On the BA Betrayal campaign website, one crew member, Dave, told how flying had been his life for 30 years and said he thought of BA as being his family.

He said: “I never dreamt we would be treated this way. It’s insensitive corporate greed taking advantage of a terrible situation.

“They are destroying the company I love and the brand of BA, our flag carrier.

“This is the ultimate betrayal.”

Leverage campaigns are increasingly being used by unions with the aim of putting pressure on employers by getting the public, customers, suppliers and shareholders to back their aims.

In a message to members, Unite said it has affirmed the largest budget ever set aside for a campaign of this type.”

The “redundancy and restructuring plans” were announced by BA parent company IAG on April 28.

A statement said: “The proposals remain subject to consultation but it is likely that they will affect most of British Airways’ employees and may result in the redundancy of up to 12,000 of them.”

Two weeks later, Willie Walsh, the chief executive, came under sustained attack by MPs over the plans when he appeared before the House of Commons Transport Select Committee.

He repeatedly insisted the actions were to ensure the survival of BA through the crisis, but MPs implied the coronavirus pandemic was being used as cover and highlighted thousands of emails received from BA staff.

Following the evidence session, committee chair Huw Merriman MP said: “It is very disappointing that British Airways seem determined to press ahead with devastating cuts to their workforce despite the Government furlough scheme being extended until the end of October.

“On the one hand, BA are happy to take taxpayers’ money from the furlough scheme which was designed to help companies avoid redundancies. Yet on the other, BA is ploughing ahead with a cull of their workforce and a lowering of terms and conditions.

“This is not what people would expect from our national flag carrier. BA’s loyal staff deserve better than to be treated like this.”

BA said in a statement yesterday: “We are acting now to protect as many jobs possible.

“The airline industry is facing the deepest structural change in its history, as well as facing a severely weakened global economy.
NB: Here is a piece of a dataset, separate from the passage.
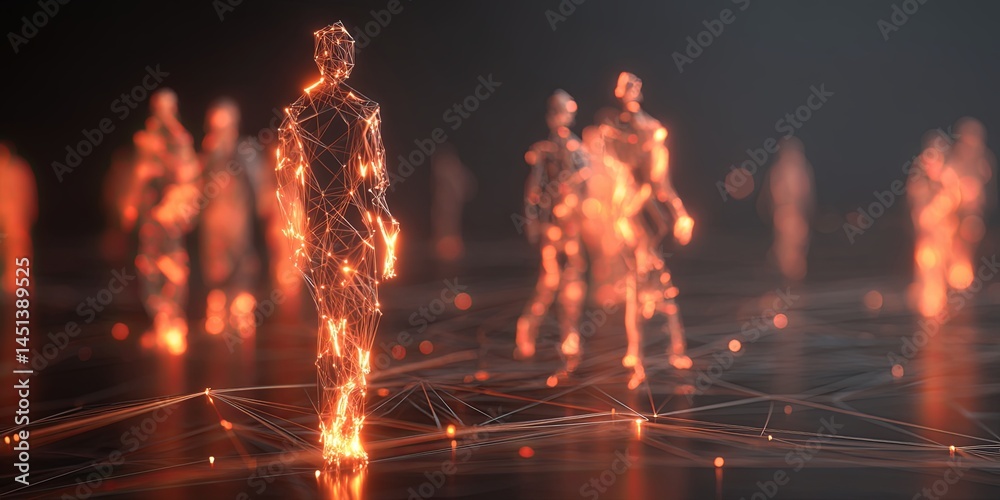 Poster Abstract representation of virtual human connections with glowing figures and network lines emphasizing digital communication and networking concept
“We are committed to consulting openly with our unions and our people as we prepare for a new future.”

In March, the Sunday National revealed concerns that BA passengers and cabin crew were being put at risk by poor hygiene as coronavirus cases rose. Worried staff raised fears over aircraft not being deep cleaned, hand sanitiser and gloves being in short supply and that crew were forced to be in close proximity with each other and passengers.